Stored entries
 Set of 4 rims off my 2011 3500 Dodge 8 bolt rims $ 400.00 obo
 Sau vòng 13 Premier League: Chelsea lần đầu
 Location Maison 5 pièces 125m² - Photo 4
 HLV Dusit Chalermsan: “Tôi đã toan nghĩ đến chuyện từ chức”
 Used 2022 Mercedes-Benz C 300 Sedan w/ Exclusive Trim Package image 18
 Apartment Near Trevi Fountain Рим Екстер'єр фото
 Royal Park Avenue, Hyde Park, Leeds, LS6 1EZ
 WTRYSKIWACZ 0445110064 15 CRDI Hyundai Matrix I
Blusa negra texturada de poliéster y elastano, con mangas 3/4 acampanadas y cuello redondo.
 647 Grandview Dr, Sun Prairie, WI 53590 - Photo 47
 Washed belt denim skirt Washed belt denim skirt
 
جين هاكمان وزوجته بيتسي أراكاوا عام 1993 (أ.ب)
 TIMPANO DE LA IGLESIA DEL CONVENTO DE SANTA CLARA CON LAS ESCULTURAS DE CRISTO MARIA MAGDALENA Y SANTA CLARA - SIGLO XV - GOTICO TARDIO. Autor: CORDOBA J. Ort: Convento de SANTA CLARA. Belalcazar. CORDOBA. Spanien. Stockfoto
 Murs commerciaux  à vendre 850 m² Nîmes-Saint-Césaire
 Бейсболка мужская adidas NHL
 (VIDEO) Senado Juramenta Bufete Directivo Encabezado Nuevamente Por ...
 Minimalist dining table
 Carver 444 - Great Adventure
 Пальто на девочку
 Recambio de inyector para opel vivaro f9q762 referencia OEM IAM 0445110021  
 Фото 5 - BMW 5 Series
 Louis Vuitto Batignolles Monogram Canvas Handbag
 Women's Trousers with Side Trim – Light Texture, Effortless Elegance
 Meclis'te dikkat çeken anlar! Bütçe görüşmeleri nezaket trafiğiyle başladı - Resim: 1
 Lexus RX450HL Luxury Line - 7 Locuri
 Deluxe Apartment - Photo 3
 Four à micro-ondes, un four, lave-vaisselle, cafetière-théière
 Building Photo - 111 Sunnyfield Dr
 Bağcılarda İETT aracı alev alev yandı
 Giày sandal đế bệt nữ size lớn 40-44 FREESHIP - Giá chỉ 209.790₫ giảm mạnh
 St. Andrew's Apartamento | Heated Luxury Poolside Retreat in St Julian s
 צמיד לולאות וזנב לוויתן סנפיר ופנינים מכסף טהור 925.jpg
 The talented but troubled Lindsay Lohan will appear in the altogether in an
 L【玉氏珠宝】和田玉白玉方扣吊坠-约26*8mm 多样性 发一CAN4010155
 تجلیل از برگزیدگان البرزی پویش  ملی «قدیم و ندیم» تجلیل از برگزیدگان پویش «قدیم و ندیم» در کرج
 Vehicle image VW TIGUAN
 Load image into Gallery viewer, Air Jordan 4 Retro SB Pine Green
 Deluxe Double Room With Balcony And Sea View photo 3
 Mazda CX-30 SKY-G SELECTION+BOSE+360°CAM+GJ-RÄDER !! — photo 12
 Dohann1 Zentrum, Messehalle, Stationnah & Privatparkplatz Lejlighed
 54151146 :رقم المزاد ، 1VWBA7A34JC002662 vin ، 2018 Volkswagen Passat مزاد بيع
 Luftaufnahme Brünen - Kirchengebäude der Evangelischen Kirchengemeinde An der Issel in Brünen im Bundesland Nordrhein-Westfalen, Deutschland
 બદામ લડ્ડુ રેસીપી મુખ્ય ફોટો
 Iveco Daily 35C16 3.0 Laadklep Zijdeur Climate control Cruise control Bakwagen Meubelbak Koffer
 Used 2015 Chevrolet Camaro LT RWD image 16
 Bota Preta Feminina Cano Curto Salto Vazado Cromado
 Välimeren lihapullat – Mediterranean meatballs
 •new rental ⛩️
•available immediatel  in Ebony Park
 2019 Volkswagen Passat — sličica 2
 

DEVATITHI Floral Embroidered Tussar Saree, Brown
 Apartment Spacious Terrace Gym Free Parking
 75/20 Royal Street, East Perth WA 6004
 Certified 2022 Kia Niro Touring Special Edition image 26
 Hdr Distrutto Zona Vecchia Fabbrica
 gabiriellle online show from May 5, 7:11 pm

Exercise instructions: The response should contain only a verbatim copy of the lines from the line with "L【玉氏珠宝】和田玉白玉方扣吊坠-约26*8mm 多样性 发一CAN4010155" to the final line of the records.

Output:
 L【玉氏珠宝】和田玉白玉方扣吊坠-约26*8mm 多样性 发一CAN4010155
 تجلیل از برگزیدگان البرزی پویش  ملی «قدیم و ندیم» تجلیل از برگزیدگان پویش «قدیم و ندیم» در کرج
 Vehicle image VW TIGUAN
 Load image into Gallery viewer, Air Jordan 4 Retro SB Pine Green
 Deluxe Double Room With Balcony And Sea View photo 3
 Mazda CX-30 SKY-G SELECTION+BOSE+360°CAM+GJ-RÄDER !! — photo 12
 Dohann1 Zentrum, Messehalle, Stationnah & Privatparkplatz Lejlighed
 54151146 :رقم المزاد ، 1VWBA7A34JC002662 vin ، 2018 Volkswagen Passat مزاد بيع
 Luftaufnahme Brünen - Kirchengebäude der Evangelischen Kirchengemeinde An der Issel in Brünen im Bundesland Nordrhein-Westfalen, Deutschland
 બદામ લડ્ડુ રેસીપી મુખ્ય ફોટો
 Iveco Daily 35C16 3.0 Laadklep Zijdeur Climate control Cruise control Bakwagen Meubelbak Koffer
 Used 2015 Chevrolet Camaro LT RWD image 16
 Bota Preta Feminina Cano Curto Salto Vazado Cromado
 Välimeren lihapullat – Mediterranean meatballs
 •new rental ⛩️
•available immediatel  in Ebony Park
 2019 Volkswagen Passat — sličica 2
 

DEVATITHI Floral Embroidered Tussar Saree, Brown
 Apartment Spacious Terrace Gym Free Parking
 75/20 Royal Street, East Perth WA 6004
 Certified 2022 Kia Niro Touring Special Edition image 26
 Hdr Distrutto Zona Vecchia Fabbrica
 gabiriellle online show from May 5, 7:11 pm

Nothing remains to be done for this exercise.